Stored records
=-=-=

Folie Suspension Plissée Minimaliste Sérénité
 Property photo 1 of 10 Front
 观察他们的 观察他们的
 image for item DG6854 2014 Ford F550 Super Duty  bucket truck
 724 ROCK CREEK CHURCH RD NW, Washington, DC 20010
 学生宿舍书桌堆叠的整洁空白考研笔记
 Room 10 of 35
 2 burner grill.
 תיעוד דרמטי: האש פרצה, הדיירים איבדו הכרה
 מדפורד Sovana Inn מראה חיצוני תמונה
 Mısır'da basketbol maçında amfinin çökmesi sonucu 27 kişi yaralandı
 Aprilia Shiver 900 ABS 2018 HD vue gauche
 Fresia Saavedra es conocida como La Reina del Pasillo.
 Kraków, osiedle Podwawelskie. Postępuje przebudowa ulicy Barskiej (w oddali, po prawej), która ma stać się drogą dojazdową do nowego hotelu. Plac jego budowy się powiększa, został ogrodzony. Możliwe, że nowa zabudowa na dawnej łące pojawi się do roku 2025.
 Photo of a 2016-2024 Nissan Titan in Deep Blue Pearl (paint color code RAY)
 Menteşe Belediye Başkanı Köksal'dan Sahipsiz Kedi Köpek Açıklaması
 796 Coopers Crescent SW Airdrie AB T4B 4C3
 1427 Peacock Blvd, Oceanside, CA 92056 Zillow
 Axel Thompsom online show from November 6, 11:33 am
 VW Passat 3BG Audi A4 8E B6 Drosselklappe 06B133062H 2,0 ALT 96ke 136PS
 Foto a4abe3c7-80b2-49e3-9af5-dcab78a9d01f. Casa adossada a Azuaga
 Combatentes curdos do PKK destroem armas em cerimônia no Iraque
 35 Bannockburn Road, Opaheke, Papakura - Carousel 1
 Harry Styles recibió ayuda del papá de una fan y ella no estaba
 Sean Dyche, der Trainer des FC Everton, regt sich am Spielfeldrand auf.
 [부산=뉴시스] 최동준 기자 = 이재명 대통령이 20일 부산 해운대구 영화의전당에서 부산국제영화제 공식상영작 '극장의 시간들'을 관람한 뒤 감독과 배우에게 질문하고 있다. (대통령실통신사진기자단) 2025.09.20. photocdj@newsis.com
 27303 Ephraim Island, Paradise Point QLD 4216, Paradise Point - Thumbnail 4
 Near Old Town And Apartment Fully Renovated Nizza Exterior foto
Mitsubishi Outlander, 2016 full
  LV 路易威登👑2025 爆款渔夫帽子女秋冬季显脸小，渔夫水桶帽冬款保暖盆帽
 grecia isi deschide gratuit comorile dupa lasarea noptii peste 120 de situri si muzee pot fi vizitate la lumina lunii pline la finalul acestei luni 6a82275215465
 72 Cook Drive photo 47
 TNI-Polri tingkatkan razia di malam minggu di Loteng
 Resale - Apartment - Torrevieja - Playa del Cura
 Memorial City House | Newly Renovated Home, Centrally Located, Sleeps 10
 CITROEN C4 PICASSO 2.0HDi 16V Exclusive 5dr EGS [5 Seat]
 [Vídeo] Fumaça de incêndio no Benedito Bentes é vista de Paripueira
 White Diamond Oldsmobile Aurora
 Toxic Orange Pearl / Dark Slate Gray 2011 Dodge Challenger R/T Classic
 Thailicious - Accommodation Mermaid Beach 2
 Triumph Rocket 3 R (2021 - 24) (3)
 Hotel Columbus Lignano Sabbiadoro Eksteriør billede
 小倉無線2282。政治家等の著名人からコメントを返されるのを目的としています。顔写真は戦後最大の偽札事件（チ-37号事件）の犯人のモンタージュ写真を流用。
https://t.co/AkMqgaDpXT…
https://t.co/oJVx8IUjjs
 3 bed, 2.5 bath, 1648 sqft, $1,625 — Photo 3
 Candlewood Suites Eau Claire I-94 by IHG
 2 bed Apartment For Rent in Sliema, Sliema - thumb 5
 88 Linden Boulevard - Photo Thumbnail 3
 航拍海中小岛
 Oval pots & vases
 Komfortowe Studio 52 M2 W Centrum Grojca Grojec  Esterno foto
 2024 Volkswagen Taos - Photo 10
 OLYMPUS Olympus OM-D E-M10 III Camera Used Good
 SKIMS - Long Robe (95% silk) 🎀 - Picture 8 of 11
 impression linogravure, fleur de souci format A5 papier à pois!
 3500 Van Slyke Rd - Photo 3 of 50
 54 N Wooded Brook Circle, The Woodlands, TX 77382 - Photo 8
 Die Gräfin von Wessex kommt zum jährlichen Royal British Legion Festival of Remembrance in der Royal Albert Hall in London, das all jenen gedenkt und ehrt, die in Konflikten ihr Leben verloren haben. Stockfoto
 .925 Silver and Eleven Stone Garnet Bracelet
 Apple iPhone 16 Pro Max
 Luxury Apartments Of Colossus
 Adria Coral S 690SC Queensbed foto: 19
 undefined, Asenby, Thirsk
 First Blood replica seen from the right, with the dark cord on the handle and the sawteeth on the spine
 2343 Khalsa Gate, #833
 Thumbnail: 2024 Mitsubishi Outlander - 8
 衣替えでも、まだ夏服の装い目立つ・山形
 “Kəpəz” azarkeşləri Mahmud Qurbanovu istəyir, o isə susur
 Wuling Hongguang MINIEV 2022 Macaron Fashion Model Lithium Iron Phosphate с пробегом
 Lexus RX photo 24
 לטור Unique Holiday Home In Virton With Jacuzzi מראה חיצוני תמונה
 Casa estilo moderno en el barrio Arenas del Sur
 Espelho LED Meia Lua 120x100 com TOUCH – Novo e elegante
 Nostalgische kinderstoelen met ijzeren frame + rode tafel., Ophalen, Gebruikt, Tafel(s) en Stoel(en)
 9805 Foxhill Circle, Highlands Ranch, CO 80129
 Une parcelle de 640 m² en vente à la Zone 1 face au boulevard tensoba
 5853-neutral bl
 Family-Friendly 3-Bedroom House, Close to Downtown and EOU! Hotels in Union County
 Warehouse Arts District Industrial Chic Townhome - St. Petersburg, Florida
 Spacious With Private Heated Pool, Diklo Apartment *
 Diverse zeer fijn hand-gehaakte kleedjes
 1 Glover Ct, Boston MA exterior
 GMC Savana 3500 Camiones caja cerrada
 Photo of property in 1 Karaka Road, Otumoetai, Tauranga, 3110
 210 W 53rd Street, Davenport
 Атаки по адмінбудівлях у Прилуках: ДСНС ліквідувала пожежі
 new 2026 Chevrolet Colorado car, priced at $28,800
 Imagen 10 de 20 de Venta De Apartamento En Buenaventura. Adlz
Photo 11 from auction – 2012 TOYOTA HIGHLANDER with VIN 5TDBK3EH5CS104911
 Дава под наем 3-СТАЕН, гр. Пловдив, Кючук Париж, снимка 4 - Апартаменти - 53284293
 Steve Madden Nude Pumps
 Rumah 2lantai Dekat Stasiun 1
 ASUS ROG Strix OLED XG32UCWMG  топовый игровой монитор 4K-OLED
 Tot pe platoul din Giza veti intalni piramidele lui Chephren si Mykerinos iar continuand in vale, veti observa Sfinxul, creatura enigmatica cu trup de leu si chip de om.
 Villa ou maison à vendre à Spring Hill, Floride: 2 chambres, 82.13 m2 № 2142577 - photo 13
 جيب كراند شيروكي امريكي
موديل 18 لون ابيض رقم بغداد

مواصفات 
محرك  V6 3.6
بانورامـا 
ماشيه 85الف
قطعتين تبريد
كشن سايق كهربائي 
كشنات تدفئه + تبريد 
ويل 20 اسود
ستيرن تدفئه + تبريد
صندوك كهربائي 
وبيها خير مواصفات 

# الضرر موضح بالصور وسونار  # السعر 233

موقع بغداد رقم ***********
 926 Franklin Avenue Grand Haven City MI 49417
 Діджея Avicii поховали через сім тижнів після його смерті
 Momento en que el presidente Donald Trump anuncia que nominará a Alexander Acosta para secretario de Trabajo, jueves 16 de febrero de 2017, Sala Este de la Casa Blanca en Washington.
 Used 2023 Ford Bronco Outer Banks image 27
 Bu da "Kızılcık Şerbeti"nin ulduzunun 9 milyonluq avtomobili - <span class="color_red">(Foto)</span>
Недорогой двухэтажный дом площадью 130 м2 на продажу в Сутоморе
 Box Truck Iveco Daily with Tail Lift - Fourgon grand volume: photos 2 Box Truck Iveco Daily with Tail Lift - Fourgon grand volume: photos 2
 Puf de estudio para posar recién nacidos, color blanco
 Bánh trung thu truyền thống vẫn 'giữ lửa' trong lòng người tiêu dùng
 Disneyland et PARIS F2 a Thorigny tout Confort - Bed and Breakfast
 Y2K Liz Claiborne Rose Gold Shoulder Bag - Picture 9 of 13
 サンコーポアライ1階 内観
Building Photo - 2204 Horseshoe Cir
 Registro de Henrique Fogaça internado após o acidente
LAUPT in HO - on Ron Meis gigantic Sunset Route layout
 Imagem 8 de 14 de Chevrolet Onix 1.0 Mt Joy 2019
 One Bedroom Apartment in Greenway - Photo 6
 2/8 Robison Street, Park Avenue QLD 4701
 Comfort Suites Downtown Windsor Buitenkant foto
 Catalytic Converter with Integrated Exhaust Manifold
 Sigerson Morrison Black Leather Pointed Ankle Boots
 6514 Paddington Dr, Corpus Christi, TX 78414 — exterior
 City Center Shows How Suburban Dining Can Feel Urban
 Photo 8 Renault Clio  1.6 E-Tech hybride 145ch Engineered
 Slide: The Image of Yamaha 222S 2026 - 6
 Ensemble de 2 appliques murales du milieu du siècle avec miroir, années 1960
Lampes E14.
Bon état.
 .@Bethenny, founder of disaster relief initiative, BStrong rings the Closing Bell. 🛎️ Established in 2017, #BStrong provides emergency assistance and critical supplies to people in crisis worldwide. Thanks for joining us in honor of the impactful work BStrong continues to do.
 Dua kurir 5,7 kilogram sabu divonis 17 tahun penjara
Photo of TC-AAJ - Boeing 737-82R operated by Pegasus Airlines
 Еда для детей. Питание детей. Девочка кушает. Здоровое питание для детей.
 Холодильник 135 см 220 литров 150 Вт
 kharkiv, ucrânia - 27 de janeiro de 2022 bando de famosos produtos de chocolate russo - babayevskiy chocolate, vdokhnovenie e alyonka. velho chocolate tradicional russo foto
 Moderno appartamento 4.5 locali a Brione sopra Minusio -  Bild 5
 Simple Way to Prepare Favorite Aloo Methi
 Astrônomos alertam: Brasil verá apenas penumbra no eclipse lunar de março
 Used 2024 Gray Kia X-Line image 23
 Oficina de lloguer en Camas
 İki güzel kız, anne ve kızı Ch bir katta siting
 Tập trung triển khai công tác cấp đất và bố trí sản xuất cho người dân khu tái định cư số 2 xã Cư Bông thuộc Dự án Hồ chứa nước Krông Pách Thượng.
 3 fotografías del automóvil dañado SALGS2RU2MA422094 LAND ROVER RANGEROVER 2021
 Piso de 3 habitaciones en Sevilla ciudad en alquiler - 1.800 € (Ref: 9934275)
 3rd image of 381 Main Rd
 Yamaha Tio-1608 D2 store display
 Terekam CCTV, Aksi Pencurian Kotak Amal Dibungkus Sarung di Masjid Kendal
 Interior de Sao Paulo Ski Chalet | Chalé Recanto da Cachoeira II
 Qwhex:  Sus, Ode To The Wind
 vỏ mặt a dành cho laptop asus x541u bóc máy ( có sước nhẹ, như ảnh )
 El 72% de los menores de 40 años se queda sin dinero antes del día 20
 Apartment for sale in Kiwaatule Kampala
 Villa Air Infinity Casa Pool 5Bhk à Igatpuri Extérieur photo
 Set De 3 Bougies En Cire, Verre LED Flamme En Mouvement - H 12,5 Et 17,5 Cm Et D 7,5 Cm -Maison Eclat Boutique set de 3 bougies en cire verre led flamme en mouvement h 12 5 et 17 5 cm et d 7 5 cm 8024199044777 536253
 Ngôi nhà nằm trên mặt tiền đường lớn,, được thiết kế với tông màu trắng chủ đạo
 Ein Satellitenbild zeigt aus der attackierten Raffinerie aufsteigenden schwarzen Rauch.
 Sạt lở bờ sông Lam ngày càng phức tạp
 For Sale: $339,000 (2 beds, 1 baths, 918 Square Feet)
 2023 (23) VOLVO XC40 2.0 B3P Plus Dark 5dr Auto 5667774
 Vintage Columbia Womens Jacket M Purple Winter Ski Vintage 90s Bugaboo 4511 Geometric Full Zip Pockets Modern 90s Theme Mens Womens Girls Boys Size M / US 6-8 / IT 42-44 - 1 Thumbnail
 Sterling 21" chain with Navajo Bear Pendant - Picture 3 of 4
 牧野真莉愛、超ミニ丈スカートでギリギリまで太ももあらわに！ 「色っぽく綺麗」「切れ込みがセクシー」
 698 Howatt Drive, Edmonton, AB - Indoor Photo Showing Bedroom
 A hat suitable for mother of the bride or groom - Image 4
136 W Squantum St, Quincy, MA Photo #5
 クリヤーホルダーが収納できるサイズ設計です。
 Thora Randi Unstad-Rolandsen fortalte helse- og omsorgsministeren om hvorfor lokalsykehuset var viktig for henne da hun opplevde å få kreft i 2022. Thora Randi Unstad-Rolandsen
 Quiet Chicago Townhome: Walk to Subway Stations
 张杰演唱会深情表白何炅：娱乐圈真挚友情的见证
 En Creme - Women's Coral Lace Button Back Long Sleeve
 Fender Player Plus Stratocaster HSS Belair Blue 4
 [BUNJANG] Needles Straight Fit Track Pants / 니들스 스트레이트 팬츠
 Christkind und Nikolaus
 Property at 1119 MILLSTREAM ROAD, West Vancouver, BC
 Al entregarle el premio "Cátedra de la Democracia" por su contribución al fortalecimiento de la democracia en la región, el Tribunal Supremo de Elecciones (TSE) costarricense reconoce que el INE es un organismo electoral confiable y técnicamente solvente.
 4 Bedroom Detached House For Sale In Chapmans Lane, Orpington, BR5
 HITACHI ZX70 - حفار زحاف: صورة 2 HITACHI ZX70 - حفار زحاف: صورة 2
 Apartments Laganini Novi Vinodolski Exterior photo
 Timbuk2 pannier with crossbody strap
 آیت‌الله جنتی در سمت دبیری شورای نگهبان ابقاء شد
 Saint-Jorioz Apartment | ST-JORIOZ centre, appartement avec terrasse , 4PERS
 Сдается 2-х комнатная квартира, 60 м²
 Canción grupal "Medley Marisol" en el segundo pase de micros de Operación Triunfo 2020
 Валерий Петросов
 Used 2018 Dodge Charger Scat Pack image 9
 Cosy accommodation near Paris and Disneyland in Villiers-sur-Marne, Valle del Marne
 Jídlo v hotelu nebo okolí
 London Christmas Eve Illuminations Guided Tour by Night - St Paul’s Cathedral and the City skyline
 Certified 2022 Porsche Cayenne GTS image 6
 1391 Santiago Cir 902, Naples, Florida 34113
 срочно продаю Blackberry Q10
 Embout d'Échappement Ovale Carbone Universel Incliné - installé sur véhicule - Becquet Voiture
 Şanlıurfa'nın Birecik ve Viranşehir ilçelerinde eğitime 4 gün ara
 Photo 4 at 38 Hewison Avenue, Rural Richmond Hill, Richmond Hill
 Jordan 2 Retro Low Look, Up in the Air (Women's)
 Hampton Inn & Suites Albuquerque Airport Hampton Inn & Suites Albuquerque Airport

=-=-=

For this exercise, gather every line of the data that contains the word "người".

 Bánh trung thu truyền thống vẫn 'giữ lửa' trong lòng người tiêu dùng
 Tập trung triển khai công tác cấp đất và bố trí sản xuất cho người dân khu tái định cư số 2 xã Cư Bông thuộc Dự án Hồ chứa nước Krông Pách Thượng.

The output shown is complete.